Angesichts der anhaltenden Lieferkettenprobleme der Industrie sei auch für den Einkauf der Deutschen Bahn „stabile Versorgung mehr denn je ein zentraler Wert“, so Grothe weiter. Die DB-Beschaffung könne „nur mit TCO-Betrachtung (Total Cost of Ownership) über klassische Einsparungen hinaus erfolgreich sein“, fügte der DB-Chefeinkäufer hinzu. Die Zukunft erfolgreicher Geschäftsbeziehungen liege nach Grothes Meinung in der „intelligenten und intuitiven Vernetzung mit unseren Lieferanten“. Der digitale Beschaffungsprozess mit systemischer Anbindung an die Lieferanten sei alternativlos. Grothe: „2023 wird es keinen DB-Lieferanten ohne Mindesterfüllung unserer Corporate-Social-Responsibility-Kriterien geben.“

Die ambitionierten Nachhaltigkeitsziele der Deutschen Bahn wolle die DB-Beschaffung im engen Schulterschluss mit zukunftsorientierten und nachhaltigen Lieferanten sowie im Einklang mit Lieferketten-, Kreislaufwirtschafts- und Klimaschutzgesetz erreichen. Dazu gehöre unter anderem die aktive Mitgestaltung der Verkehrswende in Deutschland mit CO2 als neuer Währung.
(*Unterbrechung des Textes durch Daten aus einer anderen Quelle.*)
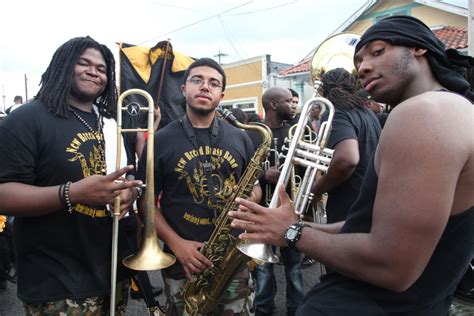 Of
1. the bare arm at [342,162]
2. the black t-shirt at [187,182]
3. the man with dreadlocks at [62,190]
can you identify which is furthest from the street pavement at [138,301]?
the man with dreadlocks at [62,190]

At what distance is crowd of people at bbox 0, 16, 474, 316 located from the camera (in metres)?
1.15

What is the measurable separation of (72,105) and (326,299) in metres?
1.69

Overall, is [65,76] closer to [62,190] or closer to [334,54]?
[62,190]

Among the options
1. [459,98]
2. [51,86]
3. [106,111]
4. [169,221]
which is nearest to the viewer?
[459,98]

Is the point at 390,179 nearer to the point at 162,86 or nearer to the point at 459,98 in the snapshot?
the point at 459,98

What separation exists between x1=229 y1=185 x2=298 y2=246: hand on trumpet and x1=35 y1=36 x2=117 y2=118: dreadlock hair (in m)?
1.17

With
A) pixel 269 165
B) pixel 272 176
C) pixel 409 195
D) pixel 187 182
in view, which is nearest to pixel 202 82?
pixel 187 182

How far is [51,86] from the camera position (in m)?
2.05

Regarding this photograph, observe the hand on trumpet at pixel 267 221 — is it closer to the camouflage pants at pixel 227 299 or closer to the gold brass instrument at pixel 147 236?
the gold brass instrument at pixel 147 236

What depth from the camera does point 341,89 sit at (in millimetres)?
3111

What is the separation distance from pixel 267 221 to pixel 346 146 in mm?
1562

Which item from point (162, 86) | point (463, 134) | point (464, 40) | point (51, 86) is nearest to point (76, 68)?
point (51, 86)

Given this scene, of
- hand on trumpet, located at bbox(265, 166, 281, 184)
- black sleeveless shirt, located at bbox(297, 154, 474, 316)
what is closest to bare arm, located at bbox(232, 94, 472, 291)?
black sleeveless shirt, located at bbox(297, 154, 474, 316)

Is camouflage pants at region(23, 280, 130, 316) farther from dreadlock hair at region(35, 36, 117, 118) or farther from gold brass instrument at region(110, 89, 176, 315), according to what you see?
dreadlock hair at region(35, 36, 117, 118) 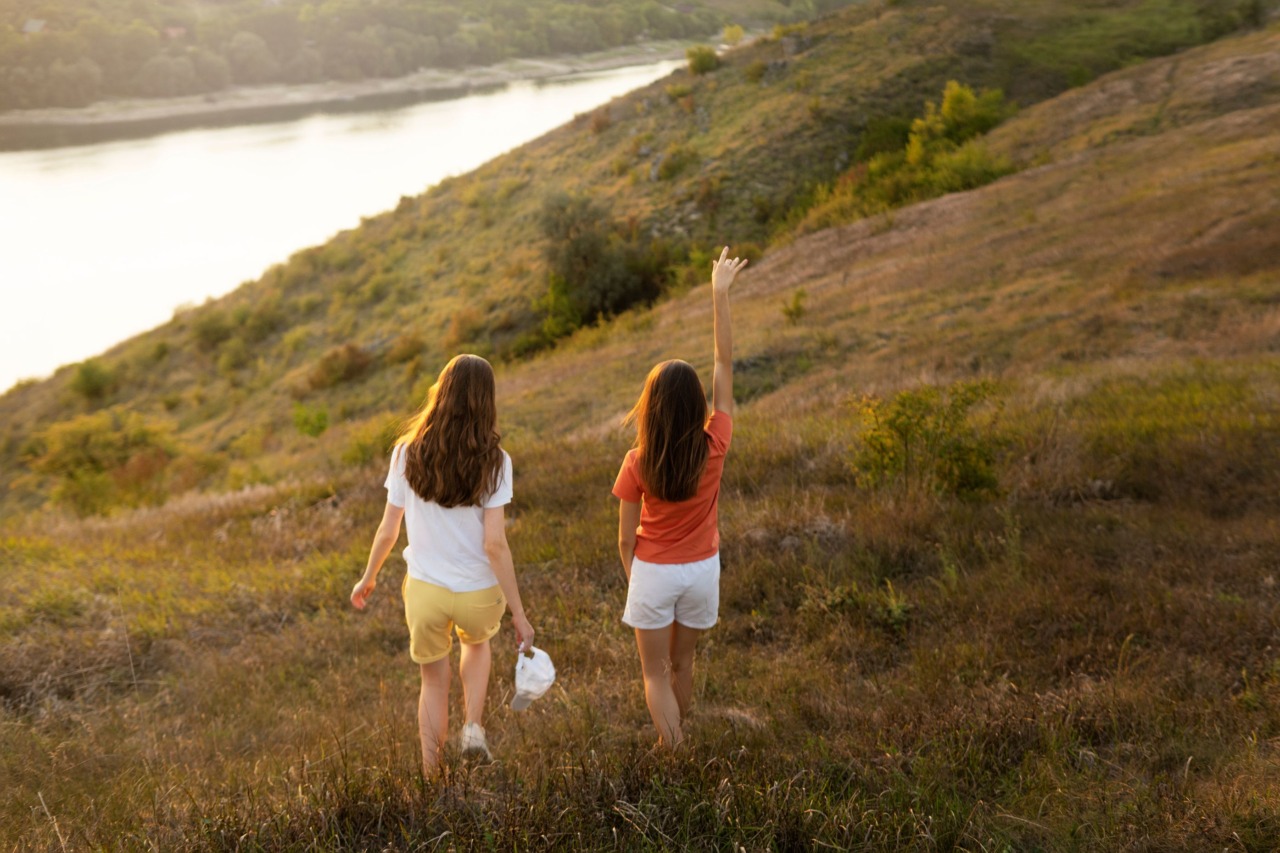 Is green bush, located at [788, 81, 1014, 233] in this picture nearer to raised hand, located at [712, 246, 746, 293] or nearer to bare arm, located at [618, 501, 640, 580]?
raised hand, located at [712, 246, 746, 293]

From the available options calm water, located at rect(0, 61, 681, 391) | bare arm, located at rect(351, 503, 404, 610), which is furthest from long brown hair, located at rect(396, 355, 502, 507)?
calm water, located at rect(0, 61, 681, 391)

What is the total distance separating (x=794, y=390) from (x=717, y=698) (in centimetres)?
753

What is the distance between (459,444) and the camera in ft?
11.1

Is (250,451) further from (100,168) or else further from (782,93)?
(100,168)

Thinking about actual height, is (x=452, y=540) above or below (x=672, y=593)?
above

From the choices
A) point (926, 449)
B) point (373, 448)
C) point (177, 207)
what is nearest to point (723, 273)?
point (926, 449)

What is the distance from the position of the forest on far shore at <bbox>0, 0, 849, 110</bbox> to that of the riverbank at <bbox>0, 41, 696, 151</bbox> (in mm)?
797

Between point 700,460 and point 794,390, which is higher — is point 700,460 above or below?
above

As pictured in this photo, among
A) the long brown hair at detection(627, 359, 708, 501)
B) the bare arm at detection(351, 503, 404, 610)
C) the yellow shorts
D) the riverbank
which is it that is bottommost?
the yellow shorts

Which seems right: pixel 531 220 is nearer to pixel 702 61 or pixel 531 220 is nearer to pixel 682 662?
pixel 702 61

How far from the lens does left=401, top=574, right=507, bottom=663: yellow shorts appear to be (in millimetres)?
3520

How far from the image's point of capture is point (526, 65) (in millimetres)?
80750

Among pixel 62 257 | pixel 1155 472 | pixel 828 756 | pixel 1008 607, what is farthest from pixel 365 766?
pixel 62 257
Isabel Hochgesand, CPO der Beiersdorf AG, informierte, dass der Einkauf des Unternehmens seit 2017 einen Transformationsprozess durchlaufe. Mit Blick auf 2022 sprach sie von vier vorrangigen Prioritäten: Digitalisierung, Nachhaltigkeit, externe Partnerschaften und Personalpolitik. Bei der Digitalisierung gehe es im nächsten Jahr vorrangig um die Entwicklung und Umsetzung eines digitalen Fahrplans als Blue Print für Lieferketten und Finanzen. Zur Steigerung der Nachhaltigkeit im Einkauf sollen der CSR-Fahrplan umfassend vorangetrieben und solide Beschaffungspläne entwickelt werden. Im Umgang mit den Beiersdorf-Lieferanten stehe die Erkundung neuer Partnerschaftsmodelle entlang der Wertschöpfungskette an. Last but not least werde man den Beschäftigten des Konzerns beim weiteren Teambuilding helfen.
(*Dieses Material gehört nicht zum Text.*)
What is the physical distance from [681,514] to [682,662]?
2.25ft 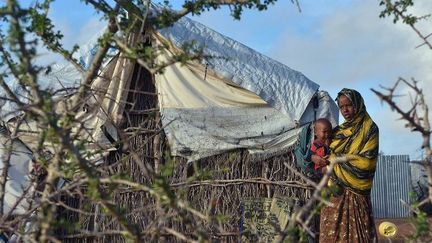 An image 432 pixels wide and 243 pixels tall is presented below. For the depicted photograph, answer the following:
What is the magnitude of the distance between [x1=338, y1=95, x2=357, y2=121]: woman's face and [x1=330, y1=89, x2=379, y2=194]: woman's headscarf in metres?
0.02

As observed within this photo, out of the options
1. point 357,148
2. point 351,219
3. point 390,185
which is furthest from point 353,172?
point 390,185

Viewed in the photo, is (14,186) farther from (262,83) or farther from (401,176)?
(401,176)

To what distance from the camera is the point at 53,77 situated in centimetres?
909

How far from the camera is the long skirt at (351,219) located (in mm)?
7223

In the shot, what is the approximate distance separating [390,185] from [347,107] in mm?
15131

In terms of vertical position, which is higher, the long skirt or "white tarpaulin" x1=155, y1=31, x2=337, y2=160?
"white tarpaulin" x1=155, y1=31, x2=337, y2=160

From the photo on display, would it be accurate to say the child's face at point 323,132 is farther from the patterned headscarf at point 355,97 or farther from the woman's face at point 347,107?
the patterned headscarf at point 355,97

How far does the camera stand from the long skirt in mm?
7223

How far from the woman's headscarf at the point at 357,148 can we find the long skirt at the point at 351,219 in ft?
0.32

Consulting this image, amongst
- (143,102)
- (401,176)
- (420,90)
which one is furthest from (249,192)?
(401,176)

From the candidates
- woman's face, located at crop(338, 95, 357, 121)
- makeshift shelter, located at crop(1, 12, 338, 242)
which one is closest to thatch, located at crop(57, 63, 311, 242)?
makeshift shelter, located at crop(1, 12, 338, 242)

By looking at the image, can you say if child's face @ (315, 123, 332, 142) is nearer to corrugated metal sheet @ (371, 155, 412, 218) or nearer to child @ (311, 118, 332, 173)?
child @ (311, 118, 332, 173)

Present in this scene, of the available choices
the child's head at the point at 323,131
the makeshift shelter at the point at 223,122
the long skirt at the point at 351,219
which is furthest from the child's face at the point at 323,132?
the makeshift shelter at the point at 223,122

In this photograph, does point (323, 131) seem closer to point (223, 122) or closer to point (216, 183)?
point (216, 183) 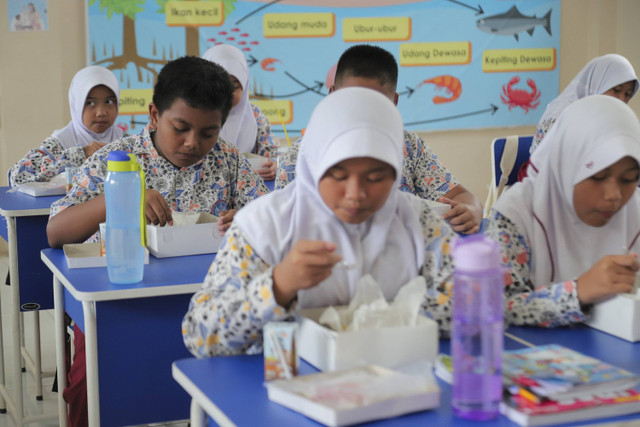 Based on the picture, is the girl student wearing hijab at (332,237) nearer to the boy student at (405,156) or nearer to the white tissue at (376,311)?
the white tissue at (376,311)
Im Einkauf des Konsumgüterherstellers sind global 270 Beschäftigte aus mehr als 50 Nationen tätig; über 60 Prozent davon Frauen und von ihnen 50 Prozent in Führungspositionen. Isabel Hochgesand verantwortet ein jährliches Beschaffungsvolumen in Höhe von 3,5 Milliarden Euro mit 110 Warengruppen. Ihr Bereich unterhält Geschäftskontakte zu 20.000 Lieferanten weltweit.

Ralf Schulz, Partner der h&z Unternehmensberatung AG, sagte zur Zukunft des Einkaufs: Dieser stehe „vor neuen Herausforderungen, die ein neues Zielsystem, ein neues Denken und eine neue Ausrichtung erfordern“. Damit gewinne der Einkauf aber auch eine neue Daseinsberechtigung. Er müsse künftig widerstandsfähige Prozesse, Strukturen und Fähigkeiten aufbauen; gleichzeitig flexibel sein und sich an die ständig wechselnden Umfelder anpassen. Vor allem aber müsse er nach Ansicht von Ralf Schulz „eine echte Wirkung für das Geschäft mitbringen“. Dazu gehöre die Generierung von Wertbeitrag und von Nachhaltigkeit.